Lessons Learned From The Otter
2019-08-22 04:25:00 +0000 - Written by Carl Burks
I’ve been working on a not so secret project Octotter. It isn’t a search engine, it goes back to the roots of the web.
I didn’t want a search engine. I wanted a categorized collection I could browse. Google doesn’t solve my wish to virtually walk through a library and look at the shelves and grab a book. The casual browsing and looking through the spines and grabbing a “book” and thumbing the pages completes the story. It is a collection of links.
One of the problems with collections is they go stale. As I’ve been looking at others who have gone before I see the problem. It is one of a lack of community. If you are using humans to collect the links and catagorize the links, then you must have… Humans! I chatted with one of my long time friends and coworkers. They suggested I do what all the cool kids are doing, and replace the humans.
I’ve identified the tasks the humans solve:
- Finding the content
- Identifying and categorizing the content
- Filtering out the paywalls, the over advertised, and the low quality, non-entertaining links
The first of these problems is a basic spider. There isn’t much need to reinvent the wheel. Lots of spiders have been written, building one should be doable. Borrowing one would be better. Hooking into a prebuilt cache of sites would be even better.
The next problem is categorizing the content. Google has tools for this. There even a webservice call for it. The python libraries didn’t work or want to install. More on this later. There are lots of natural language tools for building this sort of thing. Several guides, but once again I will talk more on that shortly.
The last is filtering out the garbage. Just because the site has what you want doesn’t mean it is usable. I haven’t gotten to figure this bit out because I’m still one problem two. If I can’t get the categorizing just right then the filtering is kind of pointless.

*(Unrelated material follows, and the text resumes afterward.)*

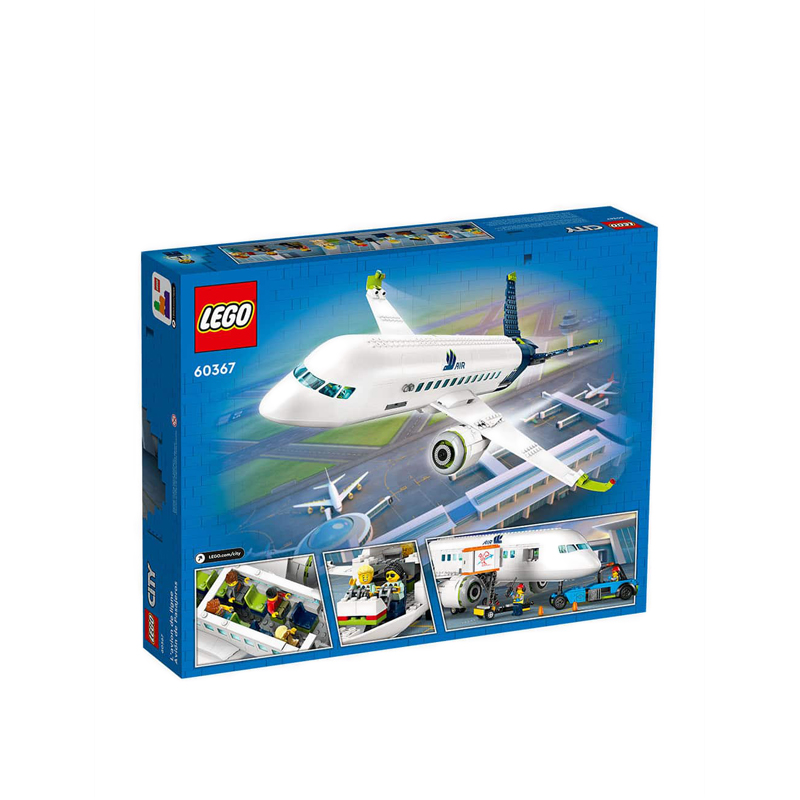 Jual LEGO Passenger Airplane 60367 Kidz Station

Circling back, I’m playing with Windows again and Python on windows has always been a hate/hate sort of thing for me. Why the the double hate, why that is one for 2.7 and one for 3.x. Well after trying to install some things and having Python, documentation, and all the slightly out of date tutorials fail horrible. Scipy didn’t want to work, gensim gave DLL errors. I tried cheating, I used the Windows Subsystem for Linux. After that things started working a little better. Here is the problem. In a guide it doesn’t say what you need to to import.
import foo from bar
Python lets you name things differently than what you would install with pip. This is a problem with more than just Python. Proper namespaces which match the installs and have version numbers in the name are important to be able to replicate a web example without a link to the source or requirements. Python has “requirements” but it isn’t as robust as package.json. Enough whining. I titled this “lessons learned”, so here we go:
- a corpus is a collection of written texts
- Windows probably isn’t robust enough for Python without the WSL
- import statements should require the name of what you would use in a package manager to add it including the version number
- tqdm is a command line package which gives a nifty command line progress menu
- gensim is a topic modelling library
- PorterStemmer from nltk.stem lets you get stems from words
- Siraj Raval talks about building an abstract
- You can get newsgroup data for training here
- GloVe gives you global vectors for Word Representation see the video by Siraj Raval
- Doc2Vec creates word embeding
- BOW is a bag of words
- CBOW is a Continuous Bag of Words
- DBOW is a Distributed Bag of Words
I also built a classifier which I will probably push up to github, but I’m on other priorities atm.